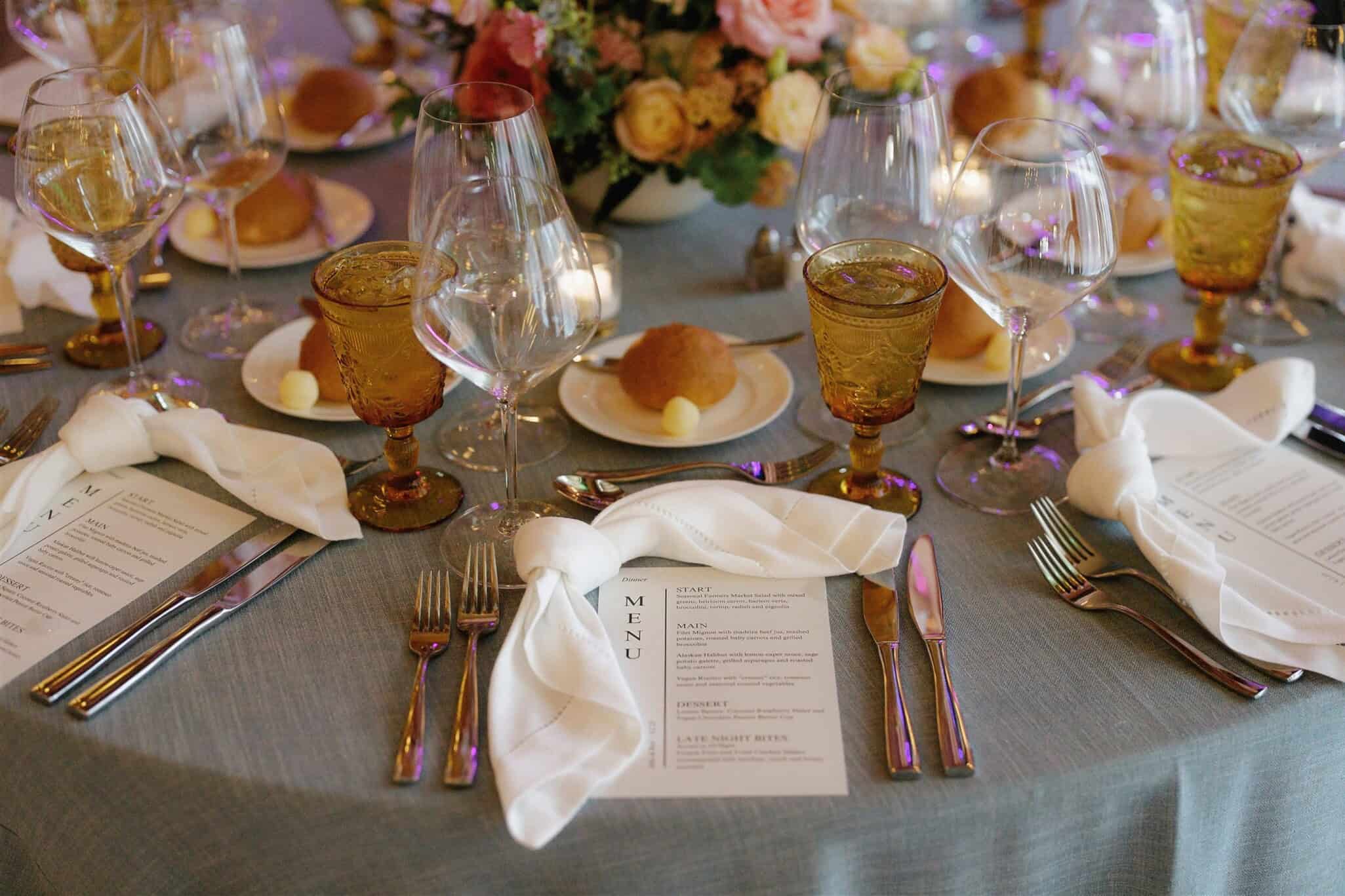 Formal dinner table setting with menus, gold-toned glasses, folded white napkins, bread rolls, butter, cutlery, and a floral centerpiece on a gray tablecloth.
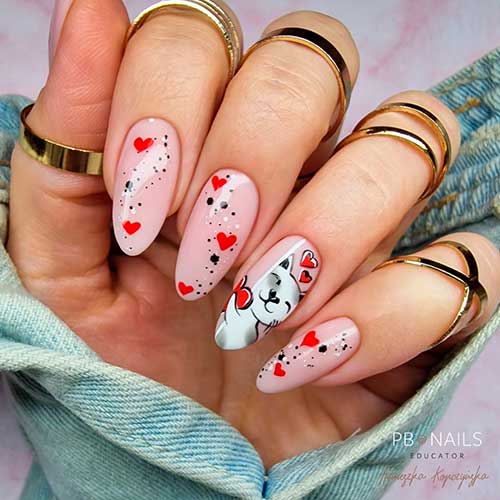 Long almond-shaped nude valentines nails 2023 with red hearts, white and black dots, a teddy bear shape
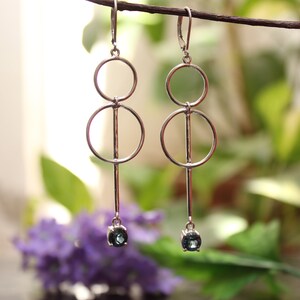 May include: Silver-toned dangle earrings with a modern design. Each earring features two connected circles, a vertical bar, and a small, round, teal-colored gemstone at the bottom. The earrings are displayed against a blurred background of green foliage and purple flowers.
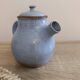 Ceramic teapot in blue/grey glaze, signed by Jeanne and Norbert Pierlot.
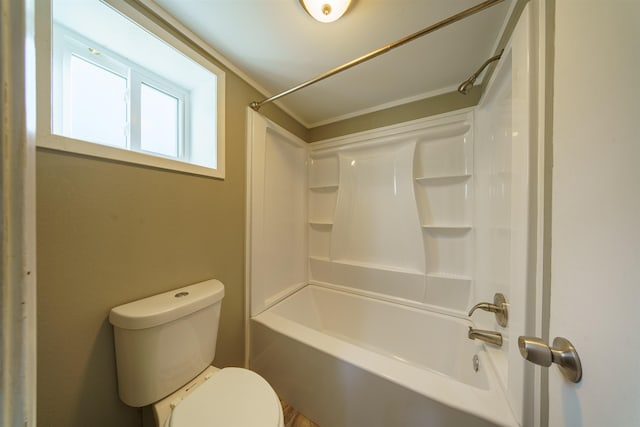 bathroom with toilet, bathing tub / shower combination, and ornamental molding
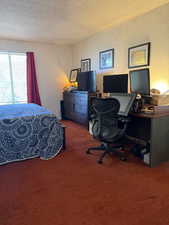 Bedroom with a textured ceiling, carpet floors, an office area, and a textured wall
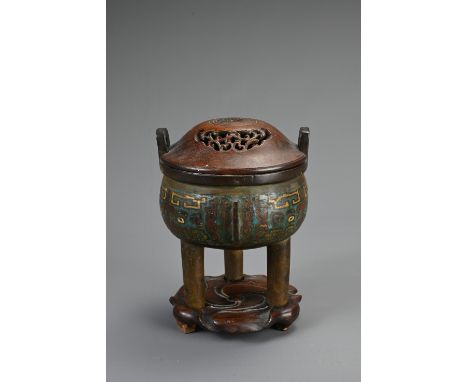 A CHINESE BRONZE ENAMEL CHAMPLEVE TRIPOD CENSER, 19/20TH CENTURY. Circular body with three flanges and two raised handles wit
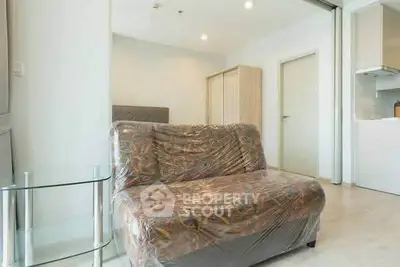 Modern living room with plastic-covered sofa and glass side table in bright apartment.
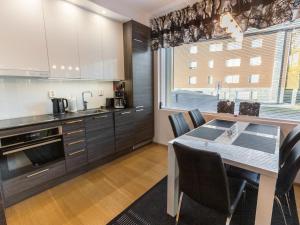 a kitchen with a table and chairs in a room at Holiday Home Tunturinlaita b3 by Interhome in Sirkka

====================

== Exercise brief ==
Everything in the entries must come back exactly, except the pictures.

== Answer for this exercise ==
 Formal dinner table setting with menus, gold-toned glasses, folded white napkins, bread rolls, butter, cutlery, and a floral centerpiece on a gray tablecloth.
 Long almond-shaped nude valentines nails 2023 with red hearts, white and black dots, a teddy bear shape
 May include: Silver-toned dangle earrings with a modern design. Each earring features two connected circles, a vertical bar, and a small, round, teal-colored gemstone at the bottom. The earrings are displayed against a blurred background of green foliage and purple flowers.
 Ceramic teapot in blue/grey glaze, signed by Jeanne and Norbert Pierlot.
 bathroom with toilet, bathing tub / shower combination, and ornamental molding
 Bedroom with a textured ceiling, carpet floors, an office area, and a textured wall
 A CHINESE BRONZE ENAMEL CHAMPLEVE TRIPOD CENSER, 19/20TH CENTURY. Circular body with three flanges and two raised handles wit
 Modern living room with plastic-covered sofa and glass side table in bright apartment.
 a kitchen with a table and chairs in a room at Holiday Home Tunturinlaita b3 by Interhome in Sirkka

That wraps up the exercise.